The film also stars Rachel Weisz (The Fountain, Constant Gardener) as twins Isabel and Angela----who is a cop— investigating the suicide of Isabel. She believes someone or something influenced Isabel to kill herself and has tried to get the church to overturn the damnation of her sister’s soul. After being rebutted by the church, Angela asks Constantine for help. He takes an interest in her, and Rachel convinces him to track her sister in Hell by holding her sister’s cat and placing his feet in a bucket of water.
While in Hell, we, the audience sees a horrible and frightening landscape of destroyed buildings and demons with half of their heads missing. This scene is remarkable. The FX, practical and CGI, was an unbelievable standard of excellence in a decade of big action films that literally just looked like they were created on a computer. In Constantine, they looked as if the scenes were made for a documentary; especially the scenes in Hell.

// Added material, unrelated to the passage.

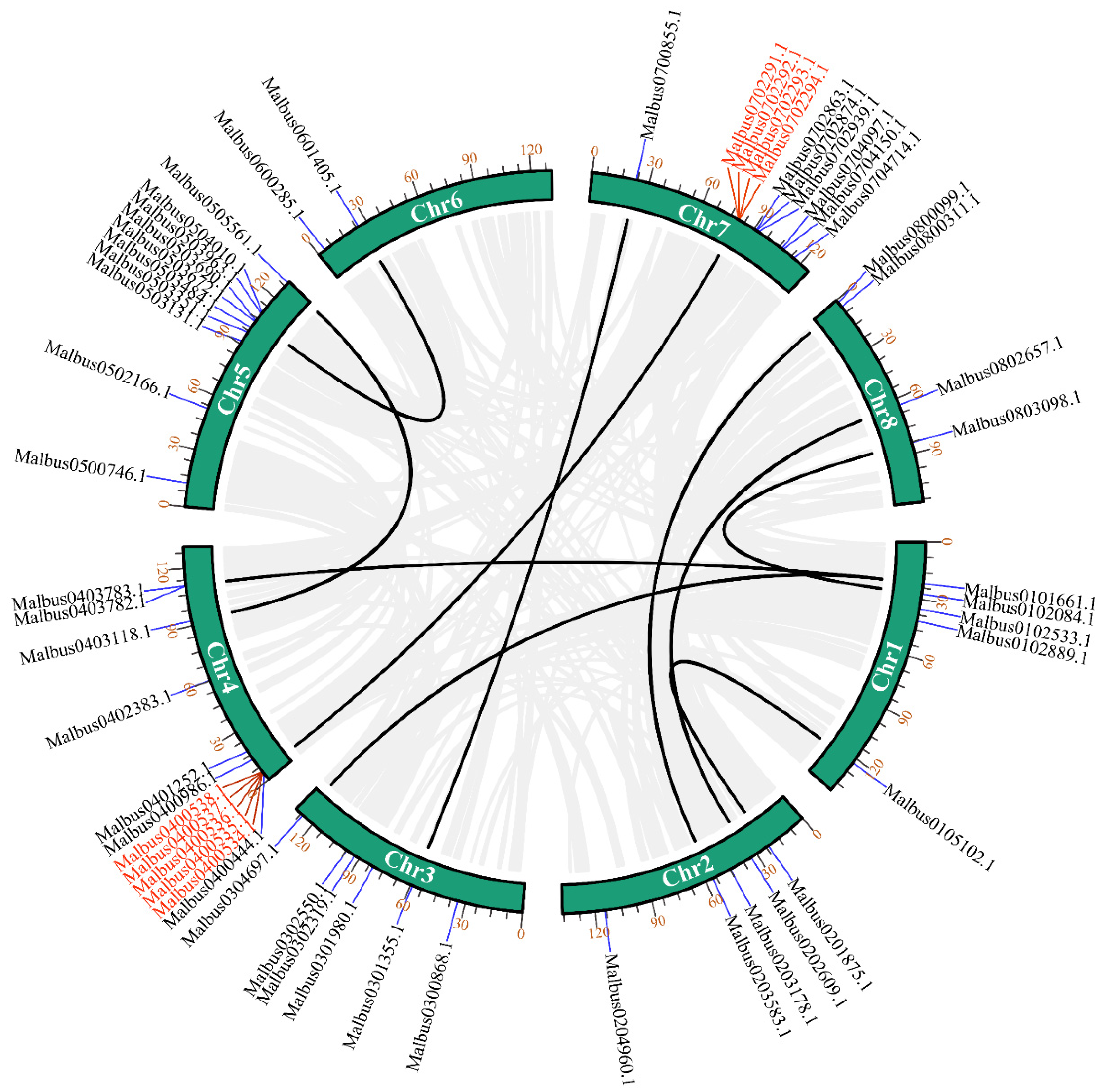 Ijms 23 07403 g003 550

In the beginning of the film, Constantine is called upon to perform an exorcism on a girl who has a nasty little demon trying to claw his way out of her body. Constantine quickly realizes Rachel’s case and the strange goings on in other cases are connected.
There are other plot points that involve Gabriel (Tilda Swinton---Moonrise Kingdom, Orlando, Etc.), as well as Papa Midnite (Djimon Hounsou---Gladiator, Blood Diamon), Shia Lebouf (Lawless, Transformers: Dark of the Moon) Gavin Rossdale (Lead singer of Bush) as Half-breed demon-human Balthazar, and of course, Peter Stormare ( Fargo, Big Lebowski, Prison Break) as Lucifer.
I have to say, Stormare’s characterization of Lucifer is my second favorite, after Viggo Mortensen’s in The Prophecy. Storemare’s Lucifer is just as fearsome and disturbing as Mortensen’s portrayal of the Devil. What I like about Stormare is the charm can be turned on and off in the same performance, whereas Mortensen’s was all out attack in a passive aggressive way. This Lucifer is very stylish in a suit (as all the half-breeds and Angels) but bare feet. Strangely, when Lucifer came up to Earth, we see his feet are muddy - an odd choice for a character in a horror film, and very effective.
The script was based mostly on the story arc Dangerous Habits by Garth Ennis, with a few elements from Original Sins. Francis Lawrence has gone on to direct lesser fare (horrible adaption of I am Legend), with this underrated film, he shines. If you haven’t watched Constantine because that nagging feeling that Keanu Reeves couldn’t do the role justice (with Matt Ryan as Constantine, almost no one could live up to that) give it a shot. Yeah, knowing the character as a brit and seeing him played understated by an American can be off-putting, seeing the other elements such as a driving plot and great dialogue and effects, you forget Reeves shouldn’t be there.
Go ahead and give this little gem a shot. It will surprise you.
Mark Slade, HMS
Read the previous installment.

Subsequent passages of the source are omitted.